Traditional safety rails have been just that, metal or other stout rails that can handle the job of preventing people from falling off the mezzanine, but the rails often eclipse parts of the basketball court below. Similar problems arose with concerts and other performances.
Thanks to the use of anti-­reflective glass from SCHOTT for the railings, spectators can follow the game in true color without being bothered by annoying reflections. Photo: SCHOTT/D. Massengill
The Thompson-Boling Arena had been serving the university well for two decades when the university decided to bring it up to date. A new scoreboard with more features, better concourse graphics, improved lighting, new food courts and ticket kiosks were added. And, of course, the arena has the inevitable luxury suites and loge seating. None of this was exceptional. Arenas all over the country make such upgrades to their amenities. But the university wondered whether something special could be done to clear up the sight lines. The first problem encountered was the material to replace the safety rails. Glass in some form was an obvious solution, but glass has its own problems. The arena was lit with artificial light. Glass panels along the different levels would reflect at least some of that light back across the arena, annoying fans sitting in the areas reached by the reflections. The polished arena floors also reflect light back into the stands. The basketball court is more brightly lit than the seating areas, which causes reflections that can make it difficult for fans behind conventional glass to see the court. The glass itself had to be strong enough to do the job – it had to be able to carry the load of the heavier fans leaning on it without buckling or, even worse, shattering. High light transmission was also required, because the artificial lighting in the arena is still far dimmer than sunlight.

Amiran®, the anti-reflective glass from SCHOTT solved all of these problems for UT, Arena Associated Architects, structural consultant Allied Glass Experts, glazier asi Limited and general contractor Blaine Construction Corporation. Amiran® glass reduces reflections to less than 1 percent, solving the problem looking from a darker area to brighter area. The true colors of the team and cheerleader uniforms shine through, too, thanks to superior light transmission – 98 percent as opposed to 91 percent for conventional float glass.

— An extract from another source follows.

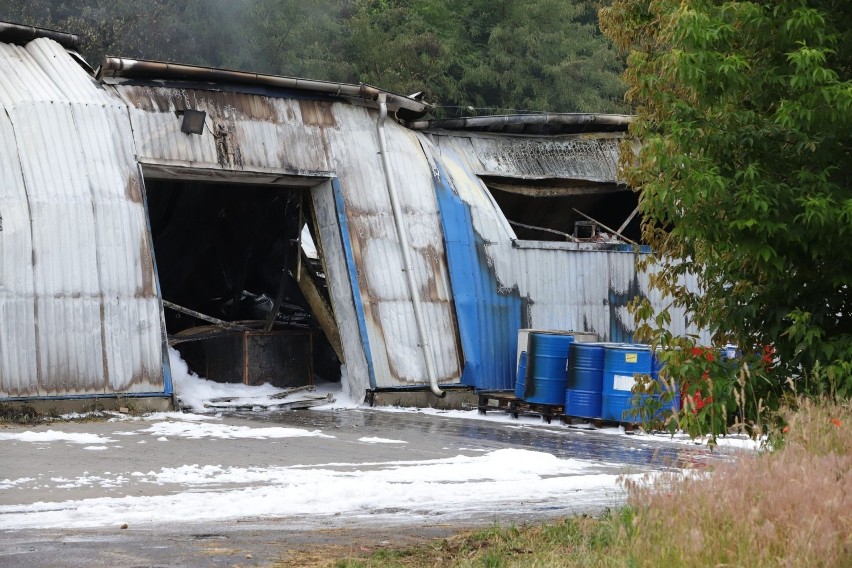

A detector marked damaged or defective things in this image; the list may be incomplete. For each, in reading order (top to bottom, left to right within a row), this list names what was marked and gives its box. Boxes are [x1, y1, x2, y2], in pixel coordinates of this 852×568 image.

burnt interior [146, 180, 340, 388]
damaged metal warehouse [0, 22, 704, 412]
burnt interior [482, 175, 644, 242] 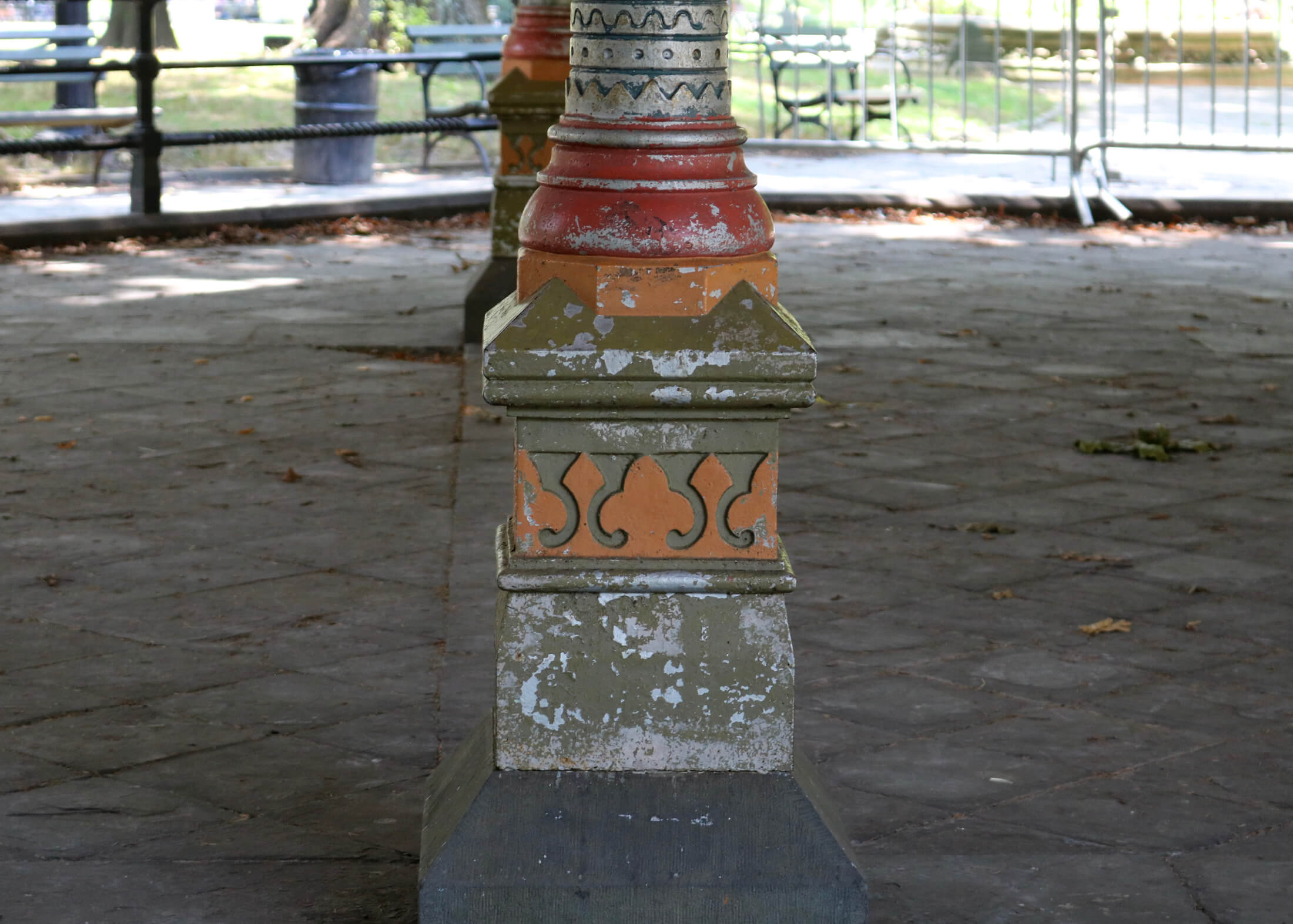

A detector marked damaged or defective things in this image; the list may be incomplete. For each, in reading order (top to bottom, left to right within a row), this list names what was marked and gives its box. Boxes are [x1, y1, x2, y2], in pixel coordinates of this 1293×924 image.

The Amiran® panels of the seamless safety rails rise from a base, a few inches above the floor of the first row of the mezzanine level and the loge luxury seats. The metal frames at the base secure the Amiran® panels, which range in height from 36 to 48 inches. To ensure safety, the glass is a three-layer annealed laminate. The metal base is not transparent, of course, but it only blocks the view of the seats below; the court is always visible. These revolutionary safety rails have been in place throughout the 2007-08 basketball season. Another important consideration was cost. The UT athletic program is one of the very few in the United States to receive no state funding. The Amiran® anti-reflective glass solution offered high performance at a competitive cost.